Stored data entries:

Segment Open

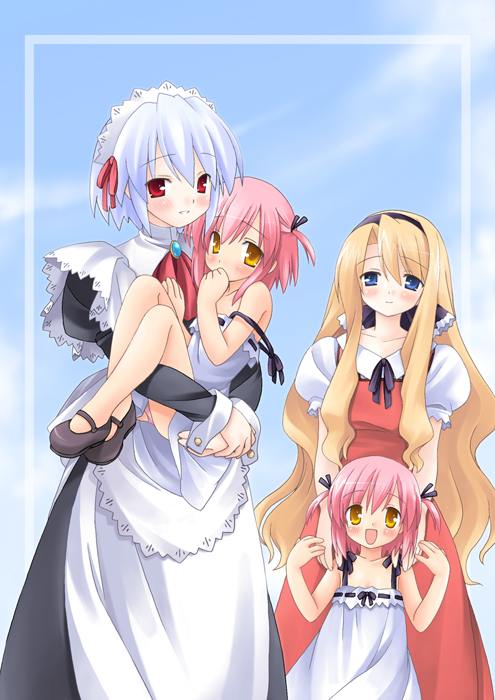coral-squer, kotonomiya yuki, kousaka alice, kousaka maria, shinjou izumi, suigetsu, 4girls, blonde hair, blue eyes, blue hair, blush, carrying, child, dress, hair ribbon, hairband, holding, hug, long hair, maid, multiple girls, pink hair, princess carry, red eyes, ribbon, short hair, short twintails, siblings, sisters, smile, strap slip, twins, twintails, very long hair, yellow eyes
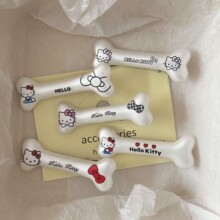 银色简约猫咪骨头发夹日系甜美风百搭女孩鸭嘴夹发卡发饰批发夹子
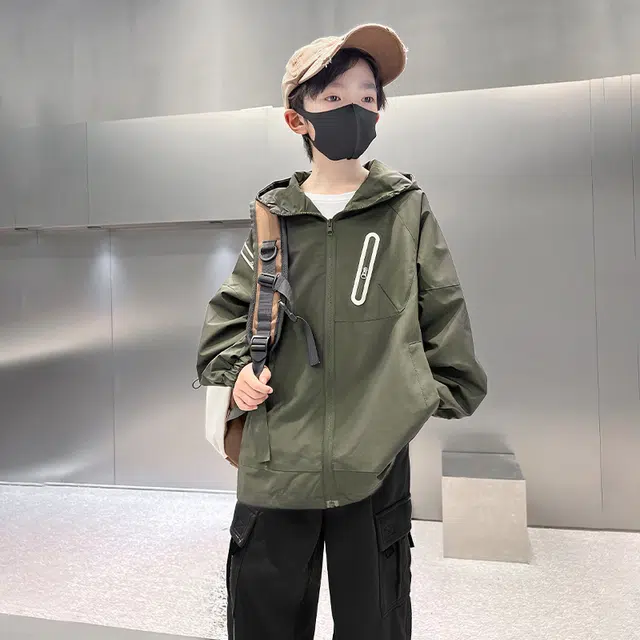 木木屋 舒适亲肤简约连帽拉链长袖夹克外套青少年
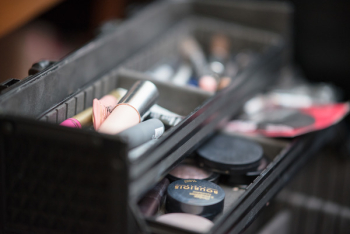 Cosmetics in Train Case Cosmetics in Train Case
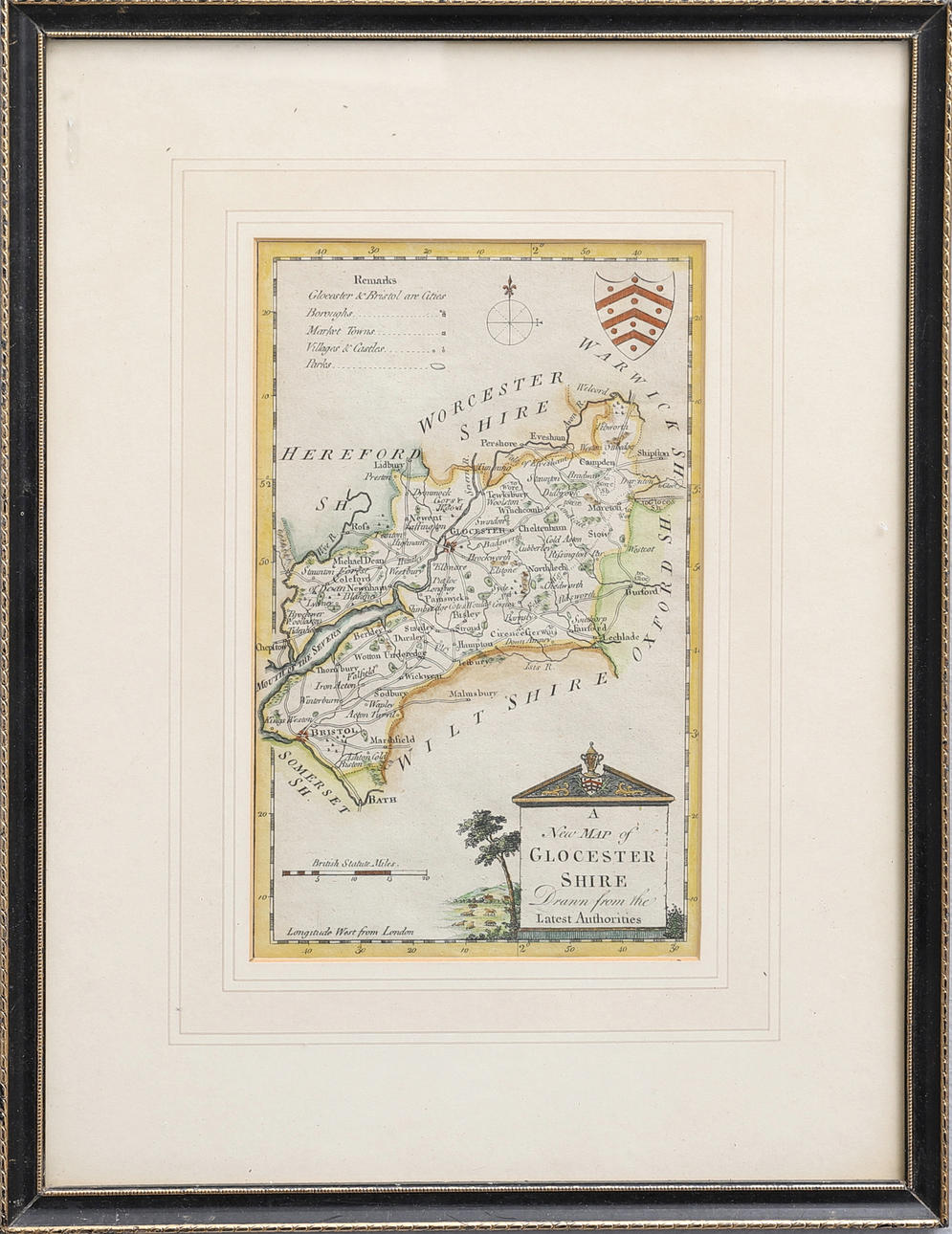 ANTIQUE MAP. A FRAMED, ENGRAVED AND HAND COLORED MAP OF THE COUNTY OF GLOUCESTERSHIRE IN SOUTHWEST ENGLAND POSSIBLY BY THOMAS CONDER IN 1784.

Segment Closed

▸ EXERCISE INSTRUCTIONS: Write the entries out in full and exactly, omitting every picture.

▸ ANSWER AREA:
coral-squer, kotonomiya yuki, kousaka alice, kousaka maria, shinjou izumi, suigetsu, 4girls, blonde hair, blue eyes, blue hair, blush, carrying, child, dress, hair ribbon, hairband, holding, hug, long hair, maid, multiple girls, pink hair, princess carry, red eyes, ribbon, short hair, short twintails, siblings, sisters, smile, strap slip, twins, twintails, very long hair, yellow eyes
 银色简约猫咪骨头发夹日系甜美风百搭女孩鸭嘴夹发卡发饰批发夹子
 木木屋 舒适亲肤简约连帽拉链长袖夹克外套青少年
 Cosmetics in Train Case Cosmetics in Train Case
 ANTIQUE MAP. A FRAMED, ENGRAVED AND HAND COLORED MAP OF THE COUNTY OF GLOUCESTERSHIRE IN SOUTHWEST ENGLAND POSSIBLY BY THOMAS CONDER IN 1784.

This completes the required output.